You are viewing a plain text version of this content. The canonical link for it is here.

Posted to dev@lucene.apache.org by Hui Fang <hu...@gmail.com> on 2007/02/02 05:42:14 UTC

implementatin of the state-of-art retrieval models for lucene?

Dear all,

My primary research interest is Information retrieval, with a focus on
developing
effective and robust retrieval models. I am happy to send my first email
to Lucene community.

Lucene and nutch are really useful IR systems. But I think that the current
retrieval function
implemented in Lucene does not perform as well as other state-of-art
retrieval functions in terms of effectiveness.  I have implemented some
state-of-art models
(such as pivoted normalization, okapi and axiomatic retrieval models)
on top of Lucene, and evaluated these models and the default model
implemented in
Lucene using standard IR evaluation methodology. Experiments show that
the state-of-art retrieval functions outperform the default one.
Actually, this is one assignment my advisor and I designed for our IR
course.

After posting this assignment online, quite a few IR researchers contacted
us and
asked for the code of our implementations.  So, we think that
it might be beneficial to everyone in the lucene community and IR research
community,
if we could contribute our implementation of the state-of-art retrieval
functions to Lucene.
I think that our contribution could help improve the retrieval performance
for both
Lucene and nutch.

What do you think?

Thanks,
-Hui

Re: implementatin of the state-of-art retrieval models for lucene?

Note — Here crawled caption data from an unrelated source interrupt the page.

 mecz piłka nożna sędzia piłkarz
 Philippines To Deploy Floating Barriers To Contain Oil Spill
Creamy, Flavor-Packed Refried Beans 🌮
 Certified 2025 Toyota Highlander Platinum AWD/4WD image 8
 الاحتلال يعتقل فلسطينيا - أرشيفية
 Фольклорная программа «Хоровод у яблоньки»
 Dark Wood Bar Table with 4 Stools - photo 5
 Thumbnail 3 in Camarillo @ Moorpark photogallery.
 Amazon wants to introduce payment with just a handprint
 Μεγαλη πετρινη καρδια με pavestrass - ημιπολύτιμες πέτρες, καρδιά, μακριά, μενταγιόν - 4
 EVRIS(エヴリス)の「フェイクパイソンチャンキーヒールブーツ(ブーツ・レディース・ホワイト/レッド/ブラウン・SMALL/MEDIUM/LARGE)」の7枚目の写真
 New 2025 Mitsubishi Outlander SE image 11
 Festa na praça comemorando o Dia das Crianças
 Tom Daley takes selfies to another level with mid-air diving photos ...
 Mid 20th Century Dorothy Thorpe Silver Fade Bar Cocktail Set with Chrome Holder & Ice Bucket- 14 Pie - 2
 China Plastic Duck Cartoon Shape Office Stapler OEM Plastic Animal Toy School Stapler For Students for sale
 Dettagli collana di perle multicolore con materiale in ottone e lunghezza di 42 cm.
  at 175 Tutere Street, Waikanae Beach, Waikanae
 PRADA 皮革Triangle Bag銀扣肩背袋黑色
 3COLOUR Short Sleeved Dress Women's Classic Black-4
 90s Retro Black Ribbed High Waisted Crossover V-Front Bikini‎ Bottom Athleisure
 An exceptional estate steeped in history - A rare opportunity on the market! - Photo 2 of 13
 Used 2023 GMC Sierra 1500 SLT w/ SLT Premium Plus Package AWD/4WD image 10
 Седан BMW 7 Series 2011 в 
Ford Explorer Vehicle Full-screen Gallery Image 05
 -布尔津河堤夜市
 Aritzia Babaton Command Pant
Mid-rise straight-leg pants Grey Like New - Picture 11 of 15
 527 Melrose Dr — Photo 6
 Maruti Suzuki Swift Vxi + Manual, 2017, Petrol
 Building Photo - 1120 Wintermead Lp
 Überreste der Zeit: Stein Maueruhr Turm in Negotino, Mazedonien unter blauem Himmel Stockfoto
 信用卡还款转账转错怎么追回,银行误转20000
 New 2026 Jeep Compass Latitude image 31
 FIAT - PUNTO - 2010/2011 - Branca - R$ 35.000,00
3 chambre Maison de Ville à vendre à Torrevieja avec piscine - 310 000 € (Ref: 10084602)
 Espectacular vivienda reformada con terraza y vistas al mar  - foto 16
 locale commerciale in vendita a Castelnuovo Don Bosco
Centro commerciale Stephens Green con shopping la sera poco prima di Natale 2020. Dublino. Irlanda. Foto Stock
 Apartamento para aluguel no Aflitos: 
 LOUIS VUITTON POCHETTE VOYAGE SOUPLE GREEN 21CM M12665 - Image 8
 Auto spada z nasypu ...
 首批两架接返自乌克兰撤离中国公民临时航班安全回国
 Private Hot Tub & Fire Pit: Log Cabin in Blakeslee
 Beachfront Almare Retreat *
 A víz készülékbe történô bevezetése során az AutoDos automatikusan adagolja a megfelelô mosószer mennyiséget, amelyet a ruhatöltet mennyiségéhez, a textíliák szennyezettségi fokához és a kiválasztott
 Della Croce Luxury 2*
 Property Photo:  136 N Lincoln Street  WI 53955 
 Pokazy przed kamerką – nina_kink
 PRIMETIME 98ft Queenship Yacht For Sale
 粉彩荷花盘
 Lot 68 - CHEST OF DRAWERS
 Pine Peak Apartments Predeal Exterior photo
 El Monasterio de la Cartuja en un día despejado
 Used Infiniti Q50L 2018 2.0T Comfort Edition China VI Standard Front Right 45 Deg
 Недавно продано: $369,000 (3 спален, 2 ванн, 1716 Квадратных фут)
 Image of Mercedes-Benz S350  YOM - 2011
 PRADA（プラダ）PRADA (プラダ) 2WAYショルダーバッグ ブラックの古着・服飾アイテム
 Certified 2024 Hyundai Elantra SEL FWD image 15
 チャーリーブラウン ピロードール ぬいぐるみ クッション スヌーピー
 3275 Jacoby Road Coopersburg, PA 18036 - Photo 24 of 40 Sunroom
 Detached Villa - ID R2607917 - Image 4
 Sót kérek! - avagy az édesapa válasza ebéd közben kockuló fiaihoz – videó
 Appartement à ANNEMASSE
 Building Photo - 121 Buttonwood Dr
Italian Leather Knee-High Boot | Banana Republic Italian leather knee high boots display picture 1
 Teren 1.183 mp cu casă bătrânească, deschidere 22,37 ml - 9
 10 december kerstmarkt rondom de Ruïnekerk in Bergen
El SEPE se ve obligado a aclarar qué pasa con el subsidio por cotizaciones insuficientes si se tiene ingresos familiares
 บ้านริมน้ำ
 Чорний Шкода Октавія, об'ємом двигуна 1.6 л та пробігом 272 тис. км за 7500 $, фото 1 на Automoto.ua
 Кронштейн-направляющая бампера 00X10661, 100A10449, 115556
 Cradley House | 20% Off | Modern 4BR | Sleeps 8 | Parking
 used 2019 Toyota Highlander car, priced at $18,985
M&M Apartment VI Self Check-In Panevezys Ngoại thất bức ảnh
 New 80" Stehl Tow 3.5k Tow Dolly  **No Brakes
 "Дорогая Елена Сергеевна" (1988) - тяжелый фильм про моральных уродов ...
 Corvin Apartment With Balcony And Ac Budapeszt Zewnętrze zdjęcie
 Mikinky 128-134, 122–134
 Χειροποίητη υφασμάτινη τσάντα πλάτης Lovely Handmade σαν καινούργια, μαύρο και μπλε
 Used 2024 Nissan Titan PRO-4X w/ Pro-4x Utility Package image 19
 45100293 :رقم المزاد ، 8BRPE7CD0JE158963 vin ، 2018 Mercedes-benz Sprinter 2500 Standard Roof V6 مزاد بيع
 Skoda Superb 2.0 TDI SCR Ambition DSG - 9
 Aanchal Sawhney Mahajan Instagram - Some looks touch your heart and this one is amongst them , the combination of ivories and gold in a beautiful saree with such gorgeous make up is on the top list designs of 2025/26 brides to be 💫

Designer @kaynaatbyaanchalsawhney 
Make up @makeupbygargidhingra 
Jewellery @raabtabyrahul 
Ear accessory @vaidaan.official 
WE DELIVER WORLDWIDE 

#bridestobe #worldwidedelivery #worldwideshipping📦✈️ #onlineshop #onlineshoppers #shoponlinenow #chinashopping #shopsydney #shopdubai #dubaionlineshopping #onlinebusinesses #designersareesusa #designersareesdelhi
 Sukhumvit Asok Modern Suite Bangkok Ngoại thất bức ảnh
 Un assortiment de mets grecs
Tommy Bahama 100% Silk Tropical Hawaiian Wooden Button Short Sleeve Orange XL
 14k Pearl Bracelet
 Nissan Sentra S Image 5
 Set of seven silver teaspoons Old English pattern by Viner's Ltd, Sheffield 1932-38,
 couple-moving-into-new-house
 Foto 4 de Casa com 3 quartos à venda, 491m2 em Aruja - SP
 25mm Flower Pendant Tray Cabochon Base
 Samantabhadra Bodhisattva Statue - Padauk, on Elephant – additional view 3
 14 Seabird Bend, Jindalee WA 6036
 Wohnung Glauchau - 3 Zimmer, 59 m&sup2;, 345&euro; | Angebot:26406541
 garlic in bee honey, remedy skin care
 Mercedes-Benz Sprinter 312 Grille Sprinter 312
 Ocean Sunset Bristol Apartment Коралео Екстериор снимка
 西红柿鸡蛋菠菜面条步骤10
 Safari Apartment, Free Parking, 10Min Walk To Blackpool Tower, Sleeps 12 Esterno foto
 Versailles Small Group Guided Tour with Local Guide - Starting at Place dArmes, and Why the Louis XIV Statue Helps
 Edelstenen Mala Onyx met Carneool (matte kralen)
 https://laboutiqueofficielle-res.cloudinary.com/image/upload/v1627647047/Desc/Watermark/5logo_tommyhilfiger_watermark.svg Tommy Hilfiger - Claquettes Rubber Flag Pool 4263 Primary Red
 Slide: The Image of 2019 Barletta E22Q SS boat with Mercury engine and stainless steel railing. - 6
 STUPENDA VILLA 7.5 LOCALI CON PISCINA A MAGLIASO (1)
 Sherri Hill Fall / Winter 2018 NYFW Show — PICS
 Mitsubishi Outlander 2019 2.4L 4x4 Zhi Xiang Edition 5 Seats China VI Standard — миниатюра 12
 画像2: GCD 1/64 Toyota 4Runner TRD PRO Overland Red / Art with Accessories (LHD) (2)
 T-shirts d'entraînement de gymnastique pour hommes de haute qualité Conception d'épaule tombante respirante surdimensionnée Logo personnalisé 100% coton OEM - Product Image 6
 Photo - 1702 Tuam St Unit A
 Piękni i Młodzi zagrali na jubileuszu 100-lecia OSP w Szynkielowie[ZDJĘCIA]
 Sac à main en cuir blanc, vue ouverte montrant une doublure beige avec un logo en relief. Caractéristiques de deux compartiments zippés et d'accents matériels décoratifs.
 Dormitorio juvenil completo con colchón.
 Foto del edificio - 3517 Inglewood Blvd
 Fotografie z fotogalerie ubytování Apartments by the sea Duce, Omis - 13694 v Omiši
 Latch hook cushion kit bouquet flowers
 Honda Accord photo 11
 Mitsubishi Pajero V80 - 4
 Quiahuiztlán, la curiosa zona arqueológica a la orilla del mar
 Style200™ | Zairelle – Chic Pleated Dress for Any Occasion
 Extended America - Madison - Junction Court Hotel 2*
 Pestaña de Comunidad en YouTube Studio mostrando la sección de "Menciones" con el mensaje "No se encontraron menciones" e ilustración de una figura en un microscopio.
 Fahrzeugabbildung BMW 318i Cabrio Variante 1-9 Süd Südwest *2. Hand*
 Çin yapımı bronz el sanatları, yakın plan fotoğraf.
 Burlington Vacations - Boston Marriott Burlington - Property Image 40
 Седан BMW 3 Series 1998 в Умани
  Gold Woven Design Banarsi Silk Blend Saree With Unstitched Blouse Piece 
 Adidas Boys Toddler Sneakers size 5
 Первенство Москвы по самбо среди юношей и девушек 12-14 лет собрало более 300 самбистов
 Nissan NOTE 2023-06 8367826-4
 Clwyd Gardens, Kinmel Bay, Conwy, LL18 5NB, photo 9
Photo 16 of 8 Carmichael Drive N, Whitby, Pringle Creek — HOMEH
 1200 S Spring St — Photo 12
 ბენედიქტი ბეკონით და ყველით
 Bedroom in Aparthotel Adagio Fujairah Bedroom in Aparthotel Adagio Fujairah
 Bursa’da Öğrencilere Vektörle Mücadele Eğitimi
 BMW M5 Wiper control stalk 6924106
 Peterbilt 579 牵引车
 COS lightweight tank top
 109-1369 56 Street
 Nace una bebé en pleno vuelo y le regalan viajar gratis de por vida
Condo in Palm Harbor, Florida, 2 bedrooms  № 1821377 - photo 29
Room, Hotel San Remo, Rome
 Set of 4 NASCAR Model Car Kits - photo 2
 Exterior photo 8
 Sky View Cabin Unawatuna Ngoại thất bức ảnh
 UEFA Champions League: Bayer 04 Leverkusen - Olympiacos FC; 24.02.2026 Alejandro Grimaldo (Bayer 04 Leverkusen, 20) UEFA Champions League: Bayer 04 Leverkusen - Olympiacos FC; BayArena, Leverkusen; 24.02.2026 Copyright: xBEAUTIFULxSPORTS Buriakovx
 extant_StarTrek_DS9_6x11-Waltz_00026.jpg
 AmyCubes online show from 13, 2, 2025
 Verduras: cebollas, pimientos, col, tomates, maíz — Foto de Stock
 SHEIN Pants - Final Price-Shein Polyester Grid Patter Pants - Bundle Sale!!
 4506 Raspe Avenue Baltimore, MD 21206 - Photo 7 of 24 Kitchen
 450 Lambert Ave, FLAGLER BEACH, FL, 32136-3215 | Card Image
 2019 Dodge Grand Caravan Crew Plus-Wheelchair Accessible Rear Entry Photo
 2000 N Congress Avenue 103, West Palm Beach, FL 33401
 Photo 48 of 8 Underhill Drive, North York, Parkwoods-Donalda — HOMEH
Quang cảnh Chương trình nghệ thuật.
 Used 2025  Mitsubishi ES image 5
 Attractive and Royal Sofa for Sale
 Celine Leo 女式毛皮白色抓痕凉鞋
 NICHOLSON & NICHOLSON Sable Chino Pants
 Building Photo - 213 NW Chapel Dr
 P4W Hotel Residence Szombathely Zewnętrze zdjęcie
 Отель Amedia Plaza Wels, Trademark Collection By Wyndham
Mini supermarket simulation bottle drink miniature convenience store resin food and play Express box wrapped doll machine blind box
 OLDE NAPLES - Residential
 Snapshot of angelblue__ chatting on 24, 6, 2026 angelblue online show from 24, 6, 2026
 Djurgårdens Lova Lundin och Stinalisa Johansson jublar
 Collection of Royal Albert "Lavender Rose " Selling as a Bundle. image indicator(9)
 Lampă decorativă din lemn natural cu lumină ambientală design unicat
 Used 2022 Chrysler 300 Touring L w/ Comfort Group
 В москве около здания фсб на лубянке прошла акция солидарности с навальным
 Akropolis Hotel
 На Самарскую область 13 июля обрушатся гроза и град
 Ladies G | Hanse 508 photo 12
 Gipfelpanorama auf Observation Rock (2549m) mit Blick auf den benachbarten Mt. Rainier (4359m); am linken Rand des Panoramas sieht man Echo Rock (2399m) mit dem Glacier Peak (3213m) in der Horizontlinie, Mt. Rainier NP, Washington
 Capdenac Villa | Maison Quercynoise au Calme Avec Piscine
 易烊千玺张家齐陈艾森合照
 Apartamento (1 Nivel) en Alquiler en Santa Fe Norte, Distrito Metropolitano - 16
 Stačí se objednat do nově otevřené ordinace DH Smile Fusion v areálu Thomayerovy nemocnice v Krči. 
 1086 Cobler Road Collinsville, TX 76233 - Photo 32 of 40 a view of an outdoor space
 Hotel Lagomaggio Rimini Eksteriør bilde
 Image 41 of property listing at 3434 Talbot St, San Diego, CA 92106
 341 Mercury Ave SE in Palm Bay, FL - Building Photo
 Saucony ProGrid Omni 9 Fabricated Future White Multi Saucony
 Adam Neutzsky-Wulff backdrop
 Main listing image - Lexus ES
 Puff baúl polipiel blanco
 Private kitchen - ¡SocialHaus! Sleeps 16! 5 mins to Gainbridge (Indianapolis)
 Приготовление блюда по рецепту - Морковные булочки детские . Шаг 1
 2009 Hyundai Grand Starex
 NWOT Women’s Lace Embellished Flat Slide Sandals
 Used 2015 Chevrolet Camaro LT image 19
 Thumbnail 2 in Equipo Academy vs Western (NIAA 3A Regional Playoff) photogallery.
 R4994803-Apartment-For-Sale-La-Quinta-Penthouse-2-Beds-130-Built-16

Posted by Grant Ingersoll <gs...@apache.org>.

Hi Hui,

We love contributions!  Take a look at http://wiki.apache.org/jakarta- 
lucene/HowToContribute

Are these changes on top of Lucene or part of the core?  If they are  
on top, they could go as a contrib which is much easier to get  
accepted. The best way to submit changes is through a patch.  It is  
best if you have unit tests and some documentation explaining what  
you did, but not an absolute requirement.


-Grant

On Feb 1, 2007, at 11:42 PM, Hui Fang wrote:

> Dear all,
>
> My primary research interest is Information retrieval, with a focus on
> developing
> effective and robust retrieval models. I am happy to send my first  
> email
> to Lucene community.
>
> Lucene and nutch are really useful IR systems. But I think that the  
> current
> retrieval function
> implemented in Lucene does not perform as well as other state-of-art
> retrieval functions in terms of effectiveness.  I have implemented  
> some
> state-of-art models
> (such as pivoted normalization, okapi and axiomatic retrieval models)
> on top of Lucene, and evaluated these models and the default model
> implemented in
> Lucene using standard IR evaluation methodology. Experiments show that
> the state-of-art retrieval functions outperform the default one.
> Actually, this is one assignment my advisor and I designed for our IR
> course.
>
> After posting this assignment online, quite a few IR researchers  
> contacted
> us and
> asked for the code of our implementations.  So, we think that
> it might be beneficial to everyone in the lucene community and IR  
> research
> community,
> if we could contribute our implementation of the state-of-art  
> retrieval
> functions to Lucene.
> I think that our contribution could help improve the retrieval  
> performance
> for both
> Lucene and nutch.
>
> What do you think?
>
> Thanks,
> -Hui

--------------------------
Grant Ingersoll
Center for Natural Language Processing
http://www.cnlp.org

Read the Lucene Java FAQ at http://wiki.apache.org/jakarta-lucene/ 
LuceneFAQ



---------------------------------------------------------------------
To unsubscribe, e-mail: java-dev-unsubscribe@lucene.apache.org
For additional commands, e-mail: java-dev-help@lucene.apache.org

Re: implementatin of the state-of-art retrieval models for lucene?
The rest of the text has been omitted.